The Nurse grabbed Raucous’ arm, and pulled him around so he faced her.  She was five feet five, with short, cropped blonde hair.  She would be shorter without the thick rubber hospital shoes.  Raucous towered above her.  She had covered her face carefully with foundation, a color that didn’t quite match her natural rosy skin, but covered the small scars the right side of her face carried.  They were small, five in total, small bumps in long threads showing a surgeon had worked miracles.  Under her right eye, a scar had dragged down the lower eyelid.  It was subtle but it was there if you looked.  Her hazel eyes burned as she stared up into Raucous’ face.  She was shaking, fighting against the hate-filled adrenaline that surged in her body. 

“You didn’t have the courage to make good on your promise.  He was cut up before he died.”

“I made a mistake.  He never begged.”

“He never begged for anyone.  Too proud to be squealing.”

“He-”

Raucous couldn’t finish the phrase.  He had no idea what to say.  But the nurse gave him no chance to finish.  She raised her hand and arced a fast, sharp slap on Raucous’ face.  Raucous could have stepped back, and he instinctively made the first move of avoidance.  But he moved back and accepted contact.

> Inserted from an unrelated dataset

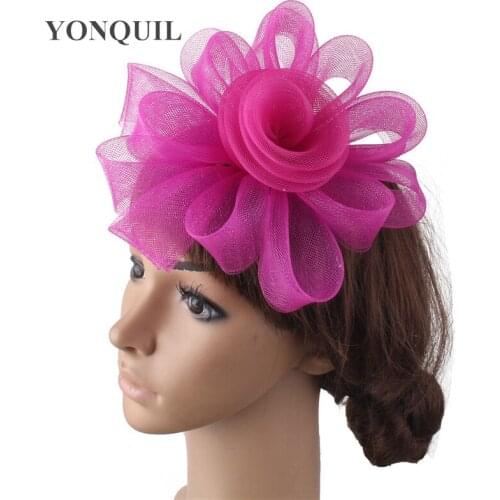 Nice Flower Wedding Headwear Women Tulle Fashion Fascinator Cocktail Hats Handmade New Occasion Headdress Bride Hair Accessories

He looked at the Nurse as the sting on his cheek receded.  He read the name tag she had pinned to her green coveralls, Charlotte Evans.  A nice name, he thought.  He would have chosen different, but Charlotte sounded right. 

Her energy had gone, her shakes remained.  Her stare continued.  Raucous had seen the same look from men inside.  She had started, goaded and she wanted retaliation. She needed to fight, to test herself and ease the hate out of her body.  But Raucous was tired, he was thinking that maybe he couldn’t do this after all; maybe he wasn’t the man he thought he was.  The doubts he always had, the lack of self-confidence he had carried since before his teens, the fear of being hurt he hid in aggression.  Today was not the day, and this petite nurse was never going to be a victim again.  Not at his hands.  He smiled, but conveyed only sadness. 

“I thought you would have done that sooner,” Raucous said. 

They looked at each other and Raucous exhaled. 

“Christian is alive,” he said. 

Charlotte squinted. 

“I know.  He’s here, in town," she said.  "Seems you are not the only miracle.”